Until now, there has never been a compatibility problem.. At a loss to explain this. Even fiddling with the onboard graphics utility does nothing.

Any help would be greatly appreciated.

Thank you again for reading this far.

J


----------



## jtrebel (Mar 28, 2011)

No one has any information? I've searched the web extensively and haven't found anything that can solve this problem. It seems to be intermittent too.


----------



## JimE (Apr 16, 2009)

Test the monitor on another PC. That will determine if you are having a PC or monitor issue.


----------



## jtrebel (Mar 28, 2011)

Dogg said:


> Test the monitor on another PC. That will determine if you are having a PC or monitor issue.


Perfect suggestion. I will do that and report back. 
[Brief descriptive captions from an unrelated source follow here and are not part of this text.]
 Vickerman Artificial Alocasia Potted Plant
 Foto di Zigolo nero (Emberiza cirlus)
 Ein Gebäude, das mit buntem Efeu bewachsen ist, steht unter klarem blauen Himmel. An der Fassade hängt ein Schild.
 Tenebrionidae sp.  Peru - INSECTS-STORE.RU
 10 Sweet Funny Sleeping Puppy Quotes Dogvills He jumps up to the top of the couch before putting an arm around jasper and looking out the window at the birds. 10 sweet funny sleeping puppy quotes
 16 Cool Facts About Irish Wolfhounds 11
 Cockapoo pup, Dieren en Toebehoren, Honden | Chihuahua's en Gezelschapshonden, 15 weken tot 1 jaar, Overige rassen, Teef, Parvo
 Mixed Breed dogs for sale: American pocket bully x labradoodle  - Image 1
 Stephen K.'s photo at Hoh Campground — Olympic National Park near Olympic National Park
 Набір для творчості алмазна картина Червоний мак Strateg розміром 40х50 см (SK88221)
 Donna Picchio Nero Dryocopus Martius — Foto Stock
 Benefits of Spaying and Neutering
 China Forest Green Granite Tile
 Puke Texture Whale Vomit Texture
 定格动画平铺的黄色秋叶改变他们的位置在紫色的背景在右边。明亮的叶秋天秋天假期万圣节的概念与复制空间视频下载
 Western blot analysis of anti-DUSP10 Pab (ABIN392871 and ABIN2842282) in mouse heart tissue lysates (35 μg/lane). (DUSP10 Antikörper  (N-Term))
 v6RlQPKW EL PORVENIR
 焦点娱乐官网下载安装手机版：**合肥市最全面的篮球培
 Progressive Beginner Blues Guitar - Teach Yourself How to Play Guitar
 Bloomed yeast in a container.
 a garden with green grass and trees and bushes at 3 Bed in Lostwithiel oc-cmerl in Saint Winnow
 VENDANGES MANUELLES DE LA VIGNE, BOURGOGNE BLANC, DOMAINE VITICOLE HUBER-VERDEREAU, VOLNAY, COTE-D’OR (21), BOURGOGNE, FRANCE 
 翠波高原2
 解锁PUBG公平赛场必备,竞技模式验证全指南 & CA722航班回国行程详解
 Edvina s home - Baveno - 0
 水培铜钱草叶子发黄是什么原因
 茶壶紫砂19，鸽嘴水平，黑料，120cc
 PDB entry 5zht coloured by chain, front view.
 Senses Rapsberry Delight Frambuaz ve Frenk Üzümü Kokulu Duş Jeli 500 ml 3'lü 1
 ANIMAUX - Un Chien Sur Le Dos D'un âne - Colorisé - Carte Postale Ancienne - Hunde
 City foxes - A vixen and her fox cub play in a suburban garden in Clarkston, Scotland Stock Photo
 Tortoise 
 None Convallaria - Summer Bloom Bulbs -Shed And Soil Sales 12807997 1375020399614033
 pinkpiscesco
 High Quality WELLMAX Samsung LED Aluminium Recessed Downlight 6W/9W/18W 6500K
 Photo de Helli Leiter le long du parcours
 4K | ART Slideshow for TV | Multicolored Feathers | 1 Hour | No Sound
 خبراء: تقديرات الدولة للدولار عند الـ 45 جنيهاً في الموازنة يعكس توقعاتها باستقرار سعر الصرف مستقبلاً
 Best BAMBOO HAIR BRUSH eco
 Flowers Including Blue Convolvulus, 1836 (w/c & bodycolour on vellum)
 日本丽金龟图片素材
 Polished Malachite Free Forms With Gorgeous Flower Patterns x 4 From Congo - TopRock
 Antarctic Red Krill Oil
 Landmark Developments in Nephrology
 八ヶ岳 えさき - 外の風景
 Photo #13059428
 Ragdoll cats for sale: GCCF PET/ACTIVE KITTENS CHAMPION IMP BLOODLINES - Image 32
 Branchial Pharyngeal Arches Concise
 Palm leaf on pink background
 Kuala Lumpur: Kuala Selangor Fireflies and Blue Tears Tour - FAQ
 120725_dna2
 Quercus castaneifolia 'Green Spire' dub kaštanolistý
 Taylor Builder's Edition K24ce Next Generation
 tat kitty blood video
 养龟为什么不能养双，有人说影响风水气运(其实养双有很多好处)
For now, it seems that the monitor needs to be on for awhile before it will actually stay on. Meaning, it feels that if the power has been off, then use the pc, then switch to external monitor, that the monitor's capacitors haven't warmed up yet. I've read that aging capacitors need to warm up. I say this because if the monitor has just been turned on, the screen will go black after switching to it after two seconds, but if you work from the notebook monitor and leave the external power on, it seems after 30 minutes or so, if you then change to external it comes on and stays on. 

Anyways, I will use it on another note PC. I even have another monitor that I know works, so I can test that one too. I will report back in a bit. 

Thank you for all your help!


----------



## JimE (Apr 16, 2009)

Based on that description, I'd say the monitor is failing/faulty. Testing will prove it one way or the other.


----------